But that has proven to be wishful thinking. Mr. Johns has filed a complaint with the Equal Employment Opportunity Commission, claiming the town of Atherton retaliated against him when it declined to hire him to be interim city manager late last year.
Mr. Johns applied for the interim manager position after the town's permanent city manager, Jerry Gruber, resigned last October. The town considered a number of applicants, and hired Nadine Levin as "bridge" interim manager in October, then a longer-term interim manager, John Danielson, who began work at the beginning of the year.
In his EEOC claim, Mr. Johns cites his advocacy, during his tenure as finance director, on behalf of two female town employees. He had complained to town officials that the women were being subjected to sexual harassment, but his complaints were not followed up on, he said.
In a brief written for a planned mediation session, Mr.
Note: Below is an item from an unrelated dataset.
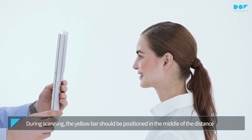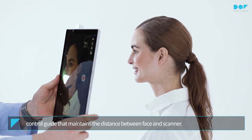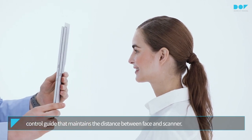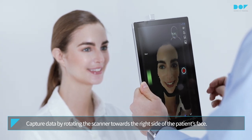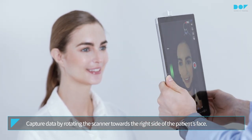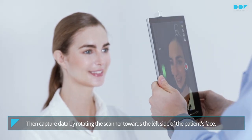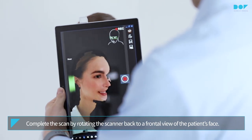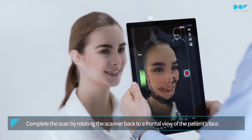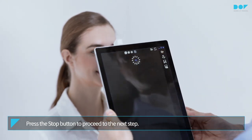During scanning, the yellow bar should be positioned in the middle of the distance control guide that maintains the distance between face and scanner. Capture data by rotating the scanner towards the right side of the patient's face. Then capture data by rotating the scanner towards the left side of the patient's face. Complete the scan by rotating the scanner back to a frontal view of the patient's face. Press the Stop button to proceed to the next step.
Johns wrote that the town responded to his complaints by first dismissing them as insignificant, and then by retaliating against him. The retaliation, he said, consisted of his 2007 suspension and, after a two-month investigation by the town, his firing.
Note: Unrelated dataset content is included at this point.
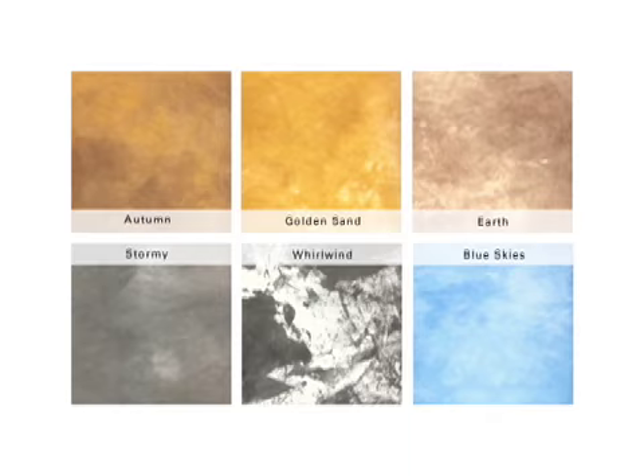Savage Infinity Canvas is top of the line when it comes to professional and durable backgrounds. Infinity Canvas is made of top quality material and comes in six colors including white and is hand painted. The backgrounds are made from one piece of material so they're seamless and feature a special multi-layered painting process. The result is a unique rich look of old world muslin.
Now, Mr. Johns states in his complaint, the town is again retaliating against him by refusing to rehire him.
Mr. Johns has also filed complaints against the town's police department based on what he alleges was his illegal detainment by the department during the 2007 series of actions by the town against him. The complaints allege evidence tampering and the falsification of two police reports pertaining to his detention and investigation, he said.
An internal investigation of the complaints is now under way, he said, and he was recently interviewed by the town-hired investigator, Pete Peterson, the former police chief of a small California town who also investigated a complaint by Atherton resident Jon Buckheit that the police report of his arrest had been falsified.